The largest audience that my words will ever have.

Up
wins.

The Oscars continue. In the audience, we cannot see what they are seeing on television at home. Somewhere below me George Clooney is grimacing at the camera, but I do not know.

Tina Fey and Robert Downey Jr. present the Best Screenplay award, and are funny. I wonder if they wrote their own bit.

During the commercials the lights go down and they play music to mingle by. Roxanne does not have to put on the red light.

I head for the first mezzanine bar. I'm hungry and want
to kill some time. I drink whisky. I order a chocolate brownie which turns out to be about as big as my head and the sweetest thing I've ever put in my mouth. I share it.

People are wandering up and down the stairs.

Whisky and sugar careening through my system, I defy the orders on my ticket not to photograph anything, and I Twitter a picture of the bar menu. My fiancée is sending me messages on Twitter urging me to photograph the inside of the women's toilet, something she did during the Golden Globes, but even in my sugar-addled state this seems a potentially disastrous idea. Still, I think, I should head downstairs and, in the next commercial break, say hello to Henry Selick. I walk over to the stairs. A nice young man in a suit asks me for my ticket. I show it to him. He explains that, as a resident of the first mezzanine, I am not permitted to walk downstairs and potentially bother the A-List.

I am outraged.

I am not actually outraged, but I am a bit bored and have friends downstairs.

I decide that I will persuade the inhabitants of the mezzanines to rise up as one and to storm the stairs, like in
Titanic
. They might shoot a few of us, I decide, but they cannot stop us all. We can be free; we can drink in the downstairs bar; we can mingle with Harvey Weinstein.

Someone tells me on Twitter that nobody's checking the elevators. I suspect that this might be a trap, and head back to my seat.

I have missed the tribute to horror movies.

Rachel McAdams presents an award in her beautiful, oh-so-tread-on-able dress.

For the Best Actor and Actress awards, a tableau of people who have worked with the nominees tell us how wonderful they are. I wonder if this works on television. On the stage in front of us it is painfully clumsy.

People below us are milling and chatting and schmoozing more with every commercial break. There is an edge of panic
to the disembodied announcer's voice as she orders them back to their seats.
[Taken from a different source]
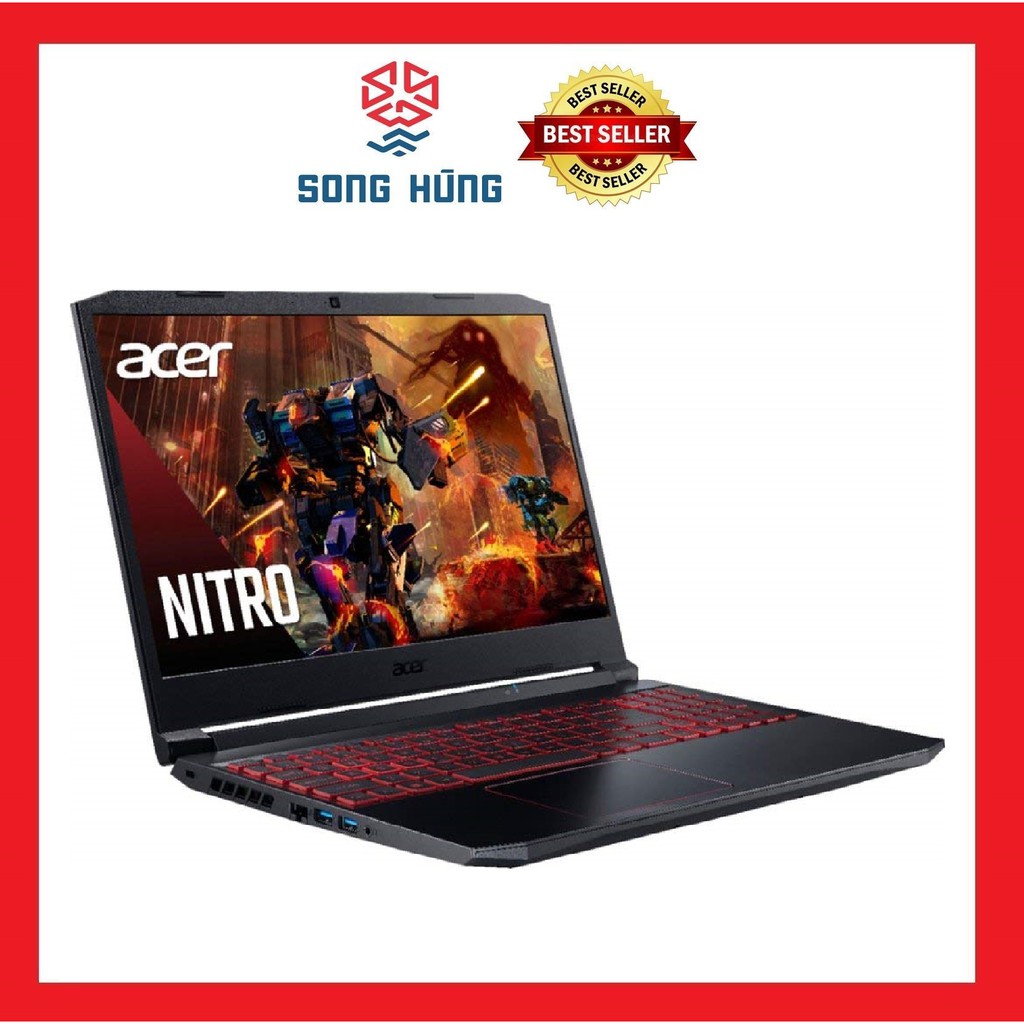 Laptop ACER NITRO 5 Gaming - NEW Core i5 11300H / 8GB/ 512GB SSD/ NVIDIA GTX 1650 4GB/ 15.6" FHD 144Hz/ Win10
The man in the bar who reminded me of Sean Penn turns out to have been Sean Penn. Jeff Bridges's standing ovation reaches all the way to the top mezzanine. Sandra Bullock's standing ovation only reaches the front rows of our level and stops there. Kathryn Bigelow's standing ovation covers the entire hall except, for some reason, the top right of the first mezzanine, where I am sitting, where we remain sitting and clap politely.

It all seems to be building up to a crescendo, and then Tom Hanks walks out onto the stage and tells us, with no buildup (if you exclude months of For Your Consideration campaigning) that oh, by the way,
The Hurt Locker
won Best Picture and good night. And we're out.

Up two escalators to the Governors Ball. I sit and chat to Michael Sheen, who brought his eleven-year-old daughter Lily, about the sushi dinner we had two days before, interrupted and ended by a police raid. We still have no idea why. (Next morning it will be a front-page story on the
New York Times
. They were serving illicit whalemeat.)

I see Henry Selick. He seems relieved that Awards Season is over, and that he can get on with his life.

I feel as if I've sleepwalked invisibly through one of the most melancholy days of my life. There are glamorous parties that evening, but I don't go to any of them, preferring to sit in a hotel lobby with good friends. We talk about the Oscars.

The next morning the back page of the LA
Times
Oscar supplement is a huge panoramic photograph of the people on the red carpet. Somewhat to my surprise, I see myself standing front and center, staring down at Rachel McAdams's beautiful watercolor dress, inspecting it for footprints.

This was originally published in the March 25, 2010, issue of the Guardian under the title of “A Nobody's Guide to the Oscars.” I've restored the original title here. It wasn't about being a nobody, it was about being out on the days when you would best be at home, and melancholy.